Internet-Zensur: 100.000 Menschen gegen Netzsperren
100.000 Menschen haben mittlerweile in einer Petition gegen Netzsperren und Zensur im Internet protestiert. Ob sich CDU-Ministerin Ursula von der Leyen in ihrem Kampf gegen Kinderpornos davon beeindrucken lässt, ist allerdings fraglich.
Über 100.000 Menschen haben mittlerweile die ePetition: „Internet – Keine Indizierung und Sperrung von Internetseiten“ mitgezeichnet. Über 100.000 Befürworter von Kinderpornografie? Nein. „Das vornehmliche Ziel – Kinder zu schützen und sowohl ihren Mißbrauch, als auch die Verbreitung von Kinderpornografie, zu verhindern stellen wir dabei absolut nicht in Frage – im Gegenteil, es ist in unser aller Interesse„, heißt es in der Petition der Sperren-Gegner. Doch genau dieses Ziel sei mit den Plänen von Familienministerin Ursula von der Leyen (CDU) nicht erreichbar: „Eine Sperrung von Internetseiten hat so gut wie keinen nachweisbaren Einfluß auf die körperliche und seelische Unversehrtheit mißbrauchter Kinder„, so die Unterzeichner.

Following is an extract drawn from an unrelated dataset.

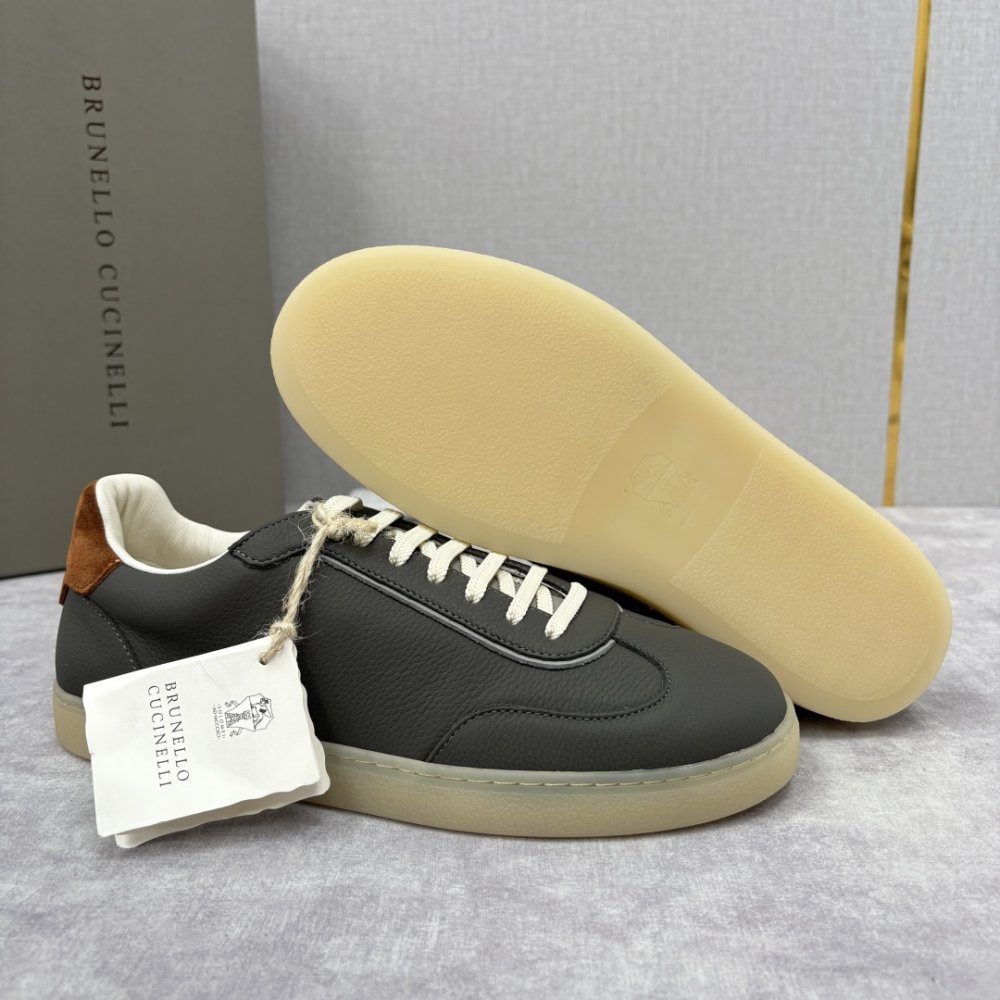 Кросівки чоловічі фото 5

Die Gegner der Netzsperren halten die Pläne der CDU nicht nur für technisch unsinnig, weil DNS-Sperren von Jedermann binnen Minuten überwunden werden können. Die Kritiker fürchten auch, dass die Kinderporno-Sperren nur der Einstieg in eine weitergehende, staatliche Netz-Zensur sind. Immerhin gibt es viele Begehrlichkeiten, unliebsame Inhalte sperren zu lassen – vom Glücksspiel bis hin zu Musik- oder Filmseiten.
Ohne richterliche Kontrolle
Vor allem kritisiert wird aber die Weise, wie die Sperren nach von der Leyens Plänen organisiert werden sollen: BKA-Beamte sollen geheime Listen erstellen und sie den Internetprovidern zukommen lassen. Diese müssen die aufgeführten Seiten dann sperren. Eine richterliche oder parlamentische Kontrolle der Sperren war zunächst nicht geplant. Außer den zuständigen Polizeibeamten weiß also niemand, was und warum gesperrt und mit einem virtuellen Stoppschild versehen wurde.
Auch unschuldige Internetnutzer unter Verdacht
Ebenfalls bedenklich, so die Kritiker: Wer eine gesperrte Seite aufrufen will – etwa weil er über einen Link oder technische Tricks darauf geführte wurde – muss mit Strafverfolgung rechnen. Das heißt: Niemand kann in Zukunft mehr einem Link trauen. Er muss immer damit rechnen, dass man ihn in die Falle locken will – und die Polizei zeitnah zur Durchsuchung vor der Tür steht.
„Ausblendung von problematischen Inhalten schützt nur die Täter“, argumentiert der Chaos Computer Club (CCC) und fordert, doch lieber energisch gegen die Hersteller und Verbreiter von Kinderpornografie vorzugehen. „Web-Server, die Bilder und Filme von Kindesmissbrauch verbreiten, lassen sich einfach aufspüren und abschalten – die meisten stehen in den USA und Westeuropa“, betont auch Alvar Freude vom Vorstand des Fördervereins Informationstechnik und Gesellschaft e.V. (FITUG). Er lieferte den Beweis sofort nach: Nach Meldung von verdächtigen Internetseiten an Internetprovider wurden 60 gemeldete Seiten prompt gelöscht. Stattdessen einfach nur ein Stoppschild vor die Seiten zu stellen, sei „wirkungsloser Aktivismus zu Wahlkampf-Zeiten“.
Der Kampf um die Netzsperren selbst geht weiter. Noch bis zum 16. Juni läuft die Petition gegen von der Leyens Pläne. Ob und wann das entsprechende Gesetz dann in Kraft tritt, ist noch offen. Vor allem, wenn sich das Verfahren bis nach der Bundestagswahl ziehen sollte: FDP und Grüne haben sich bereits gegen die Internetsperren ausgesprochen.
Und auch die SPD mag die Zensur-Wünsche seines Koalitionspartners in der Bundesregierung nicht mehr einfach so hinnehmen. Nach einer Anhörung von Experten, die teils erhebliche Pläne gegen die Zensur äußerten, soll das Zensur-Vorhaben in Sachen Kinderpornos nun noch einmal überarbeitet werden.